An exact copy of every record is needed, with the pictures left out.

(Short descriptive text snippets)
##############################

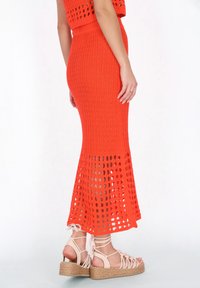 Geweven oranje maxi rok met een aansluitende top en een uitlopende onderkant met open ruitpatroon details. Gekoppeld met beige gespsandalen met een sleehak.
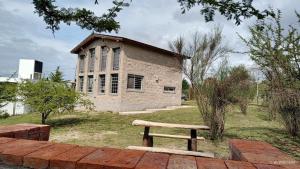 a bench sitting in front of a brick building at Kima III in Huerta Grande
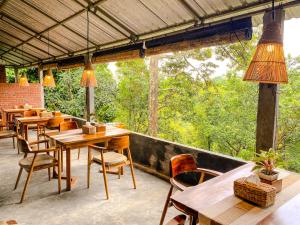 a restaurant with wooden tables and chairs on a patio at Wimala Farm House in Munduk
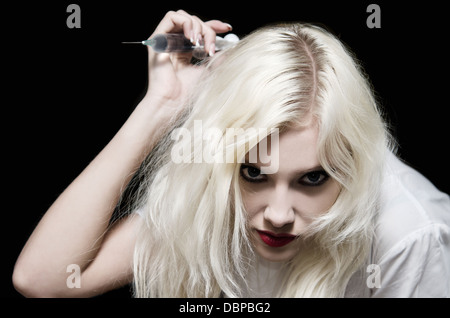 Schöne junge Mädchen in das Bild des bösen Krankenschwester mit Spritze in der hand machen einen Schlag Stockfoto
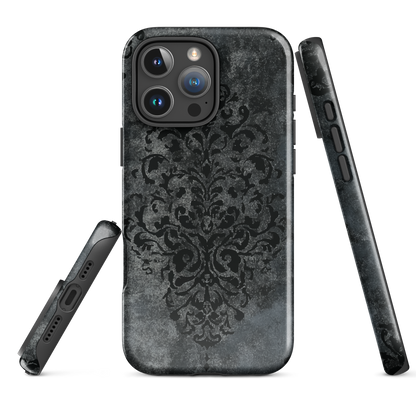 Dark damask patterned phone case with a vintage gothic aesthetic and textured stone background.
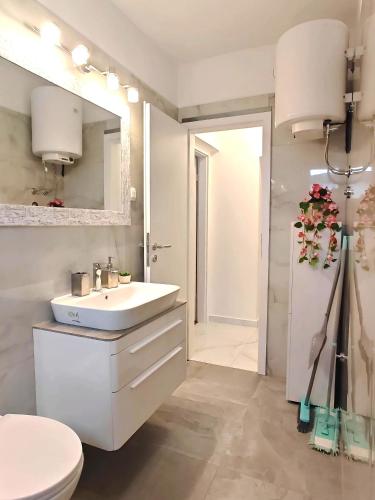a white bathroom with a sink and a toilet at Sun house in Krk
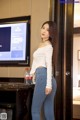 A woman standing in front of a television in a hotel room.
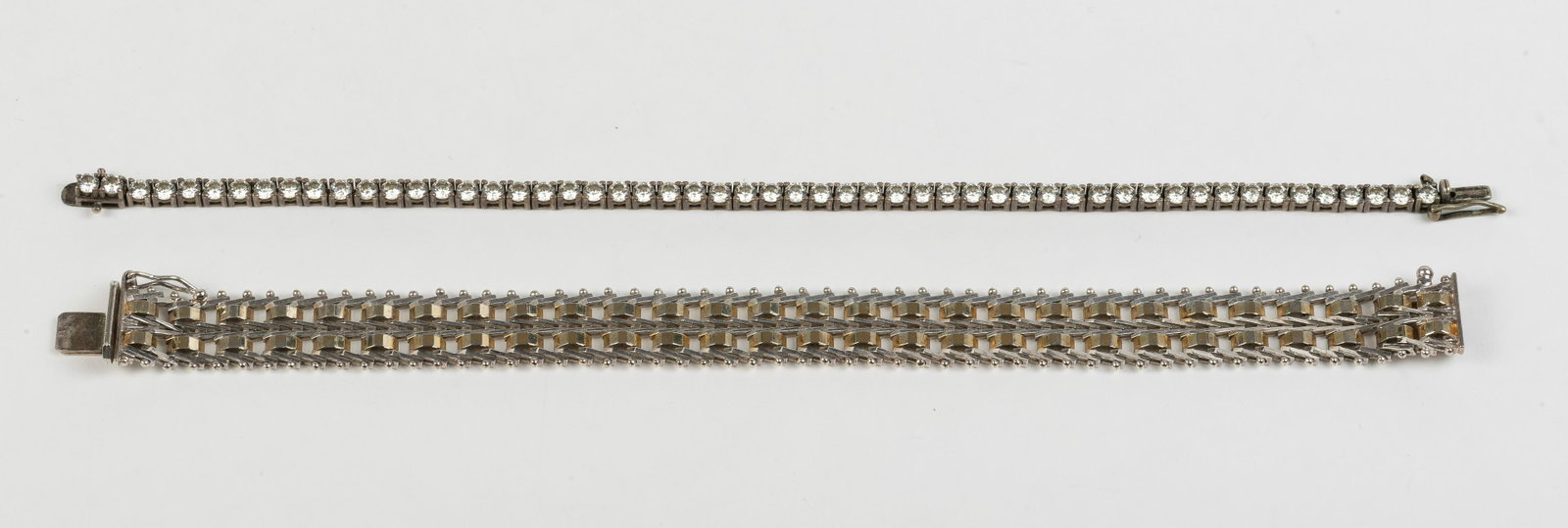 2 Sterling Bracelets: Milor, Italy and Korea. Each 7" long. IMPORTANT: Before bidding, please read the terms and conditions below. When you registered for the auction you agreed to these terms and will be required to compl
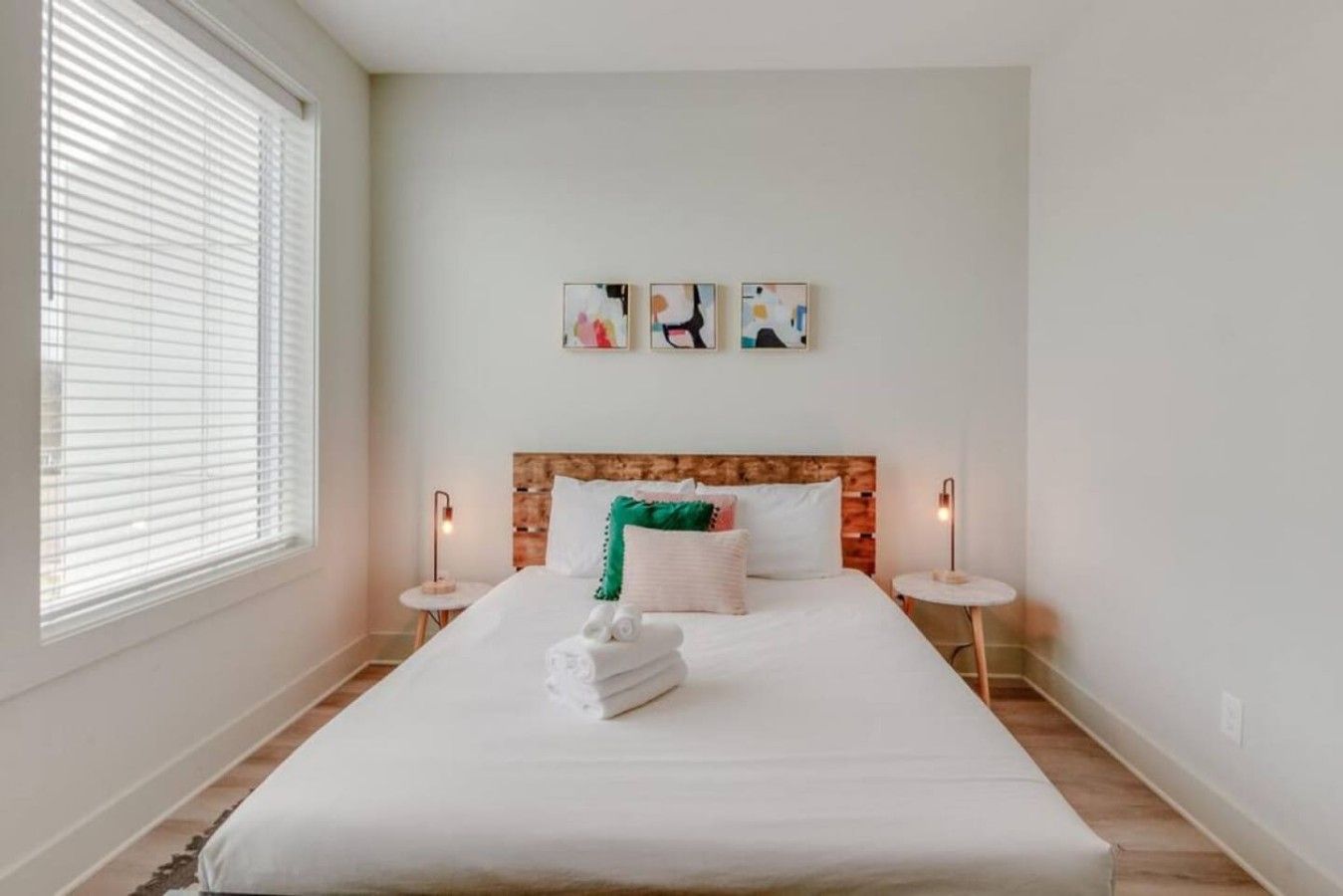 A hotel room with a large bed, two bedside tables, a wooden headboard, and artwork on the wall.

##############################

§ Answer to the problem:
 Geweven oranje maxi rok met een aansluitende top en een uitlopende onderkant met open ruitpatroon details. Gekoppeld met beige gespsandalen met een sleehak.
 a bench sitting in front of a brick building at Kima III in Huerta Grande
 a restaurant with wooden tables and chairs on a patio at Wimala Farm House in Munduk
 Schöne junge Mädchen in das Bild des bösen Krankenschwester mit Spritze in der hand machen einen Schlag Stockfoto
 Dark damask patterned phone case with a vintage gothic aesthetic and textured stone background.
a white bathroom with a sink and a toilet at Sun house in Krk
 A woman standing in front of a television in a hotel room.
 2 Sterling Bracelets: Milor, Italy and Korea. Each 7" long. IMPORTANT: Before bidding, please read the terms and conditions below. When you registered for the auction you agreed to these terms and will be required to compl
 A hotel room with a large bed, two bedside tables, a wooden headboard, and artwork on the wall.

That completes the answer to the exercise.